_Task goal_: The answer must be an exact copy of the lines from the one containing "Sun Protection Summer" through the end of the records, with the pictures left out.

_Image-text web data_:
== == ==

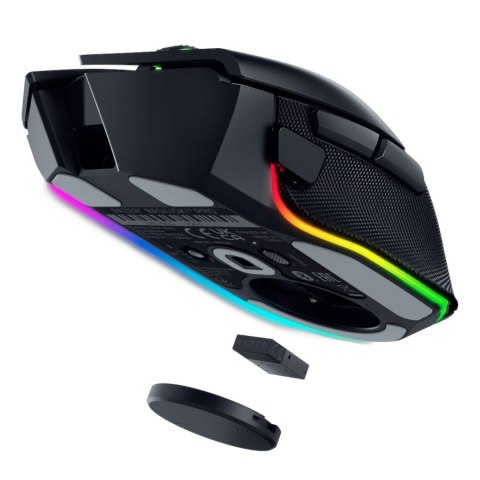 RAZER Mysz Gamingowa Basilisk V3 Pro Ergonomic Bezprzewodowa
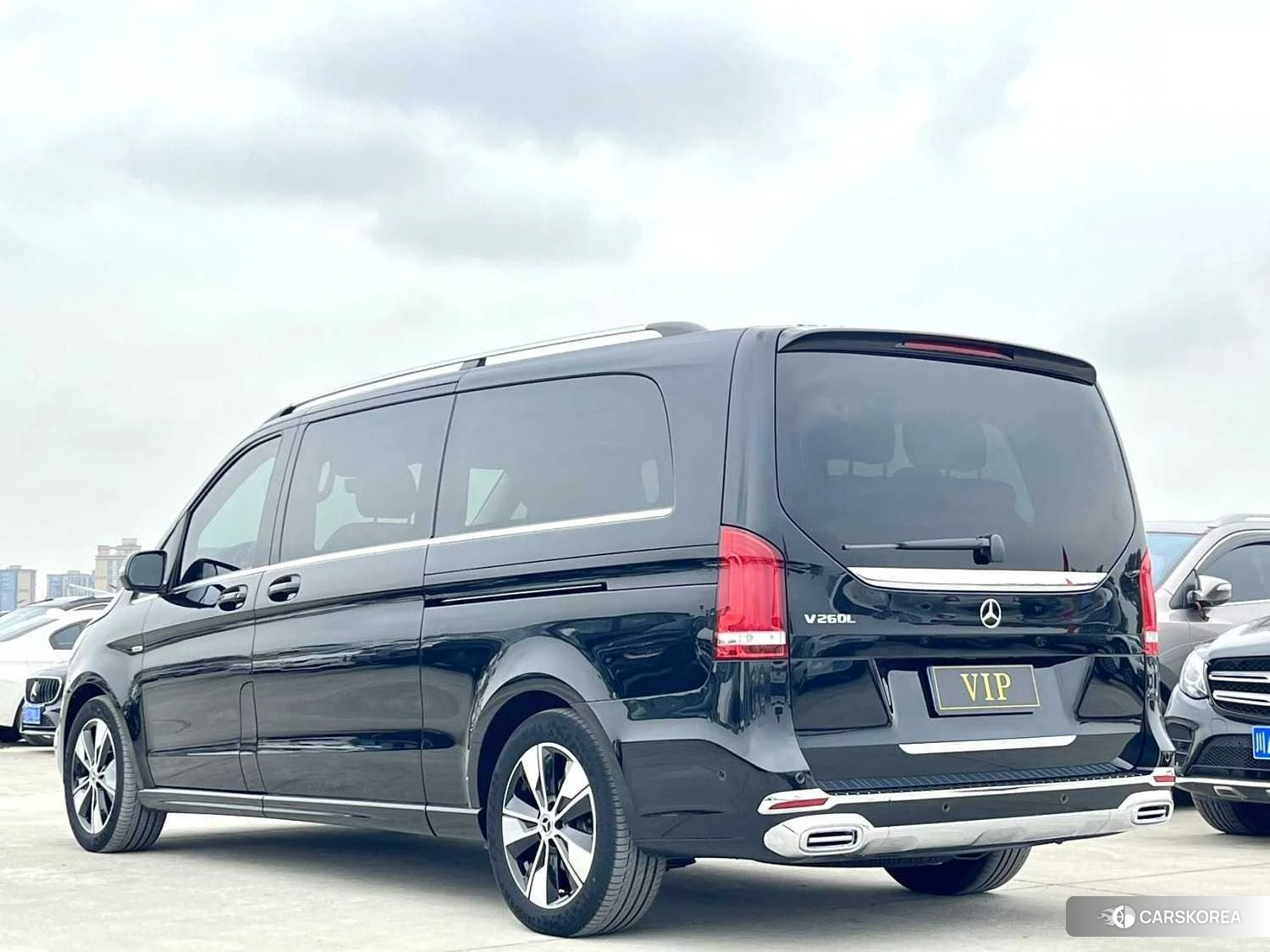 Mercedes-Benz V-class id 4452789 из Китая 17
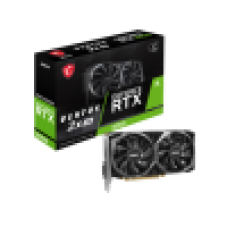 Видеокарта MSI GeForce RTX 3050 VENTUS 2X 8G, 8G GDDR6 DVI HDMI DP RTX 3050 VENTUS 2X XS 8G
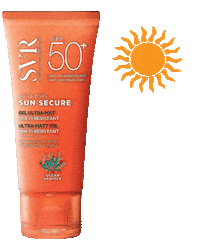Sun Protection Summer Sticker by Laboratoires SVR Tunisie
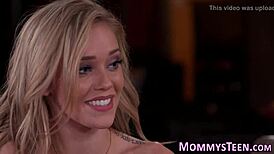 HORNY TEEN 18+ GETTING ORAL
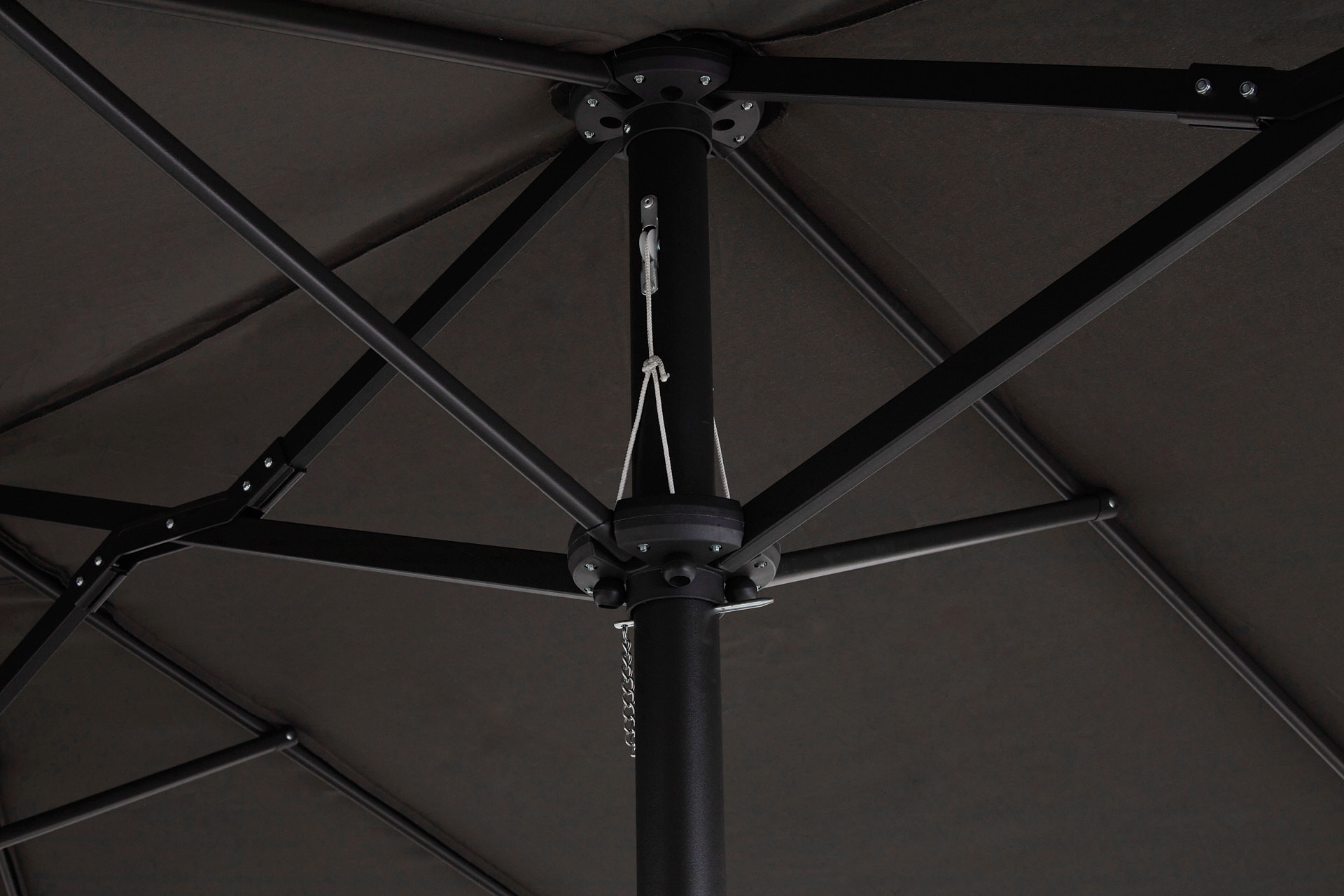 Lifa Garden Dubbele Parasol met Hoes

== == ==

_Output of the exercise_:
Sun Protection Summer Sticker by Laboratoires SVR Tunisie
 HORNY TEEN 18+ GETTING ORAL
 Lifa Garden Dubbele Parasol met Hoes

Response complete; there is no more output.